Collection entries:
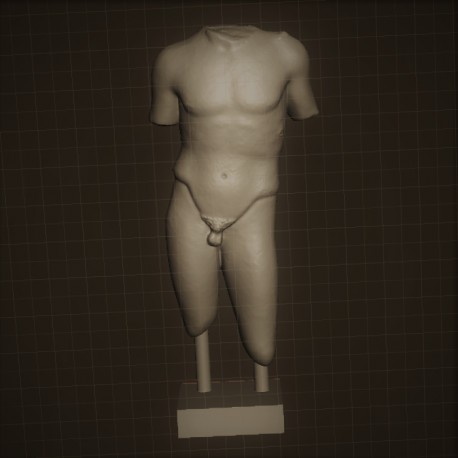 RID 23 Torso Atleta h. cm. 40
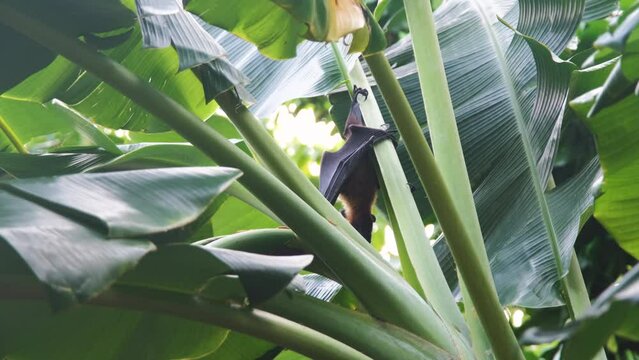 Flying fox or fruit bat (Pteropus giganteus) searching for food while crawling on a banana tree. Tropical nature and wildlife concept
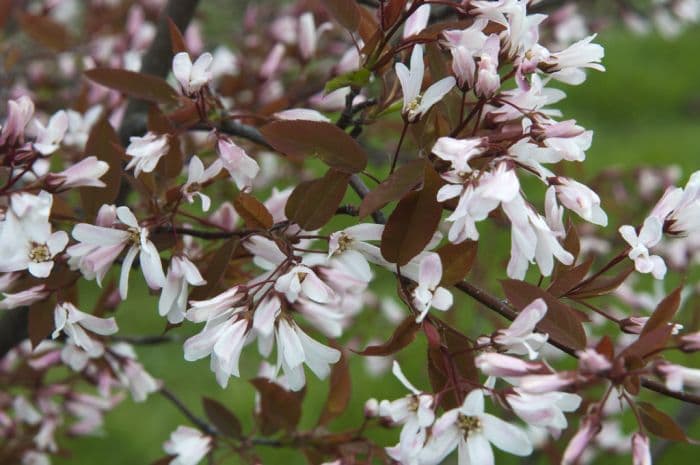 smooth serviceberry 'R.J. Hilton'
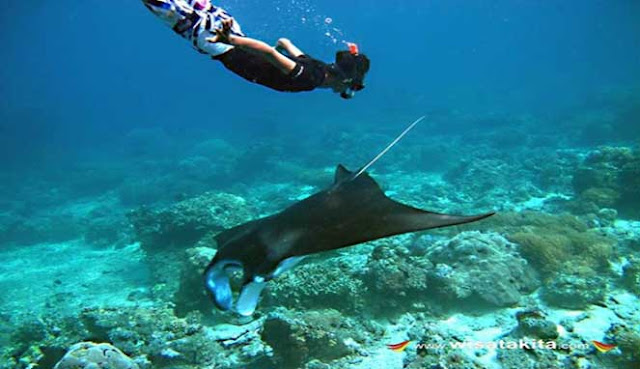  Indonesia ialah salah satu tujuan scuba diving terbaik di dunia 20 SCUBA DIVING TERBAIK DI INDONESIA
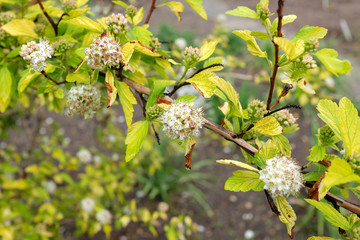 Physocarpus opulifolius (Luteus), outdoor plants 2020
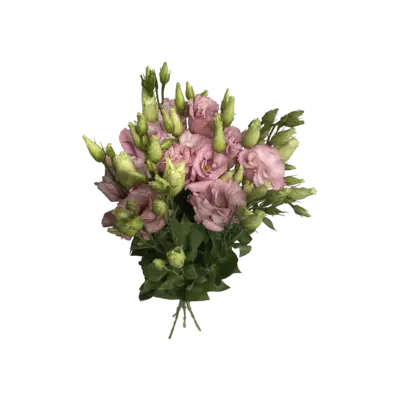 pdp-image-AH Eustoma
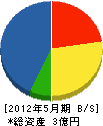 中沢工業 貸借対照表 2012年5月期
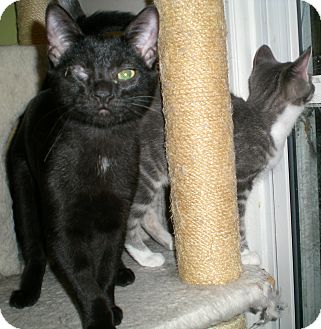 Domestic Shorthair Cat for Sale in Troy, Michigan - Sly Domestic Shorthair Cat for Sale in Troy, Michigan - Sly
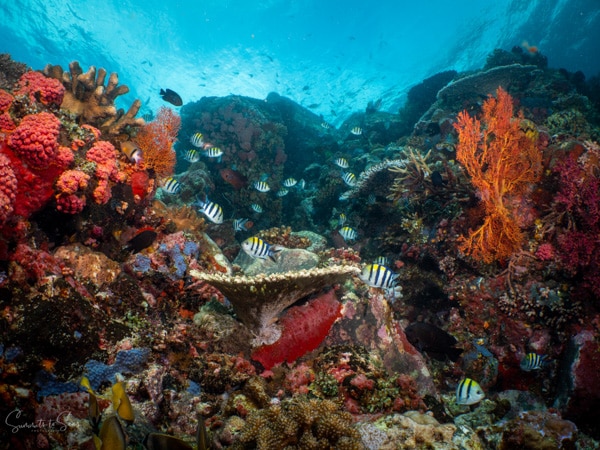 Reef diving indonesia sulawesi siladen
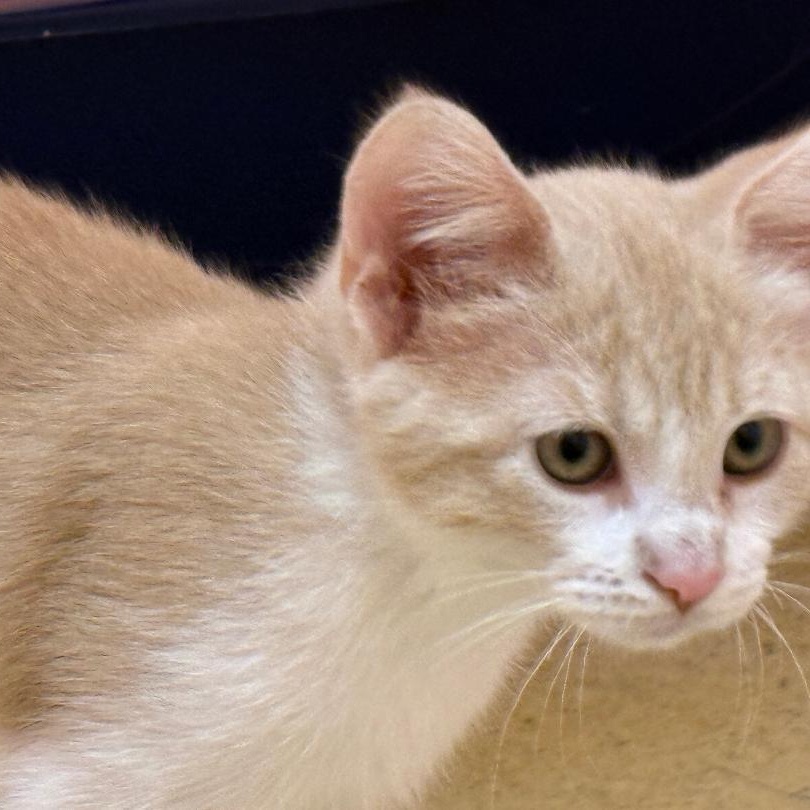 Dingo, a Adoptable Domestic Short Hair in Reynoldsburg, OH image 2/4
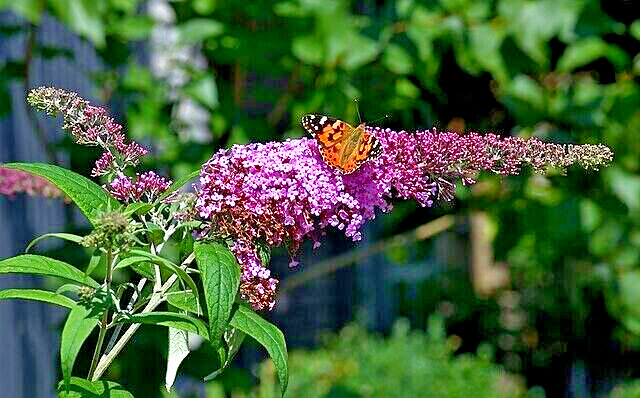 BUTTERFLY BUSH LAVENDER, 2000 SEEDS, BUDLEJA DAVIDII, beautifully scented bulk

**ASSIGNED TASK:** Once the line holding "smooth serviceberry 'R.J. Hilton'" is found, copy it and each later line exactly through the end of the data, leaving out the pictures.

**RESPONSE TO THE TASK:**
 smooth serviceberry 'R.J. Hilton'
  Indonesia ialah salah satu tujuan scuba diving terbaik di dunia 20 SCUBA DIVING TERBAIK DI INDONESIA
 Physocarpus opulifolius (Luteus), outdoor plants 2020
 pdp-image-AH Eustoma
 中沢工業 貸借対照表 2012年5月期
 Domestic Shorthair Cat for Sale in Troy, Michigan - Sly Domestic Shorthair Cat for Sale in Troy, Michigan - Sly
 Reef diving indonesia sulawesi siladen
 Dingo, a Adoptable Domestic Short Hair in Reynoldsburg, OH image 2/4
 BUTTERFLY BUSH LAVENDER, 2000 SEEDS, BUDLEJA DAVIDII, beautifully scented bulk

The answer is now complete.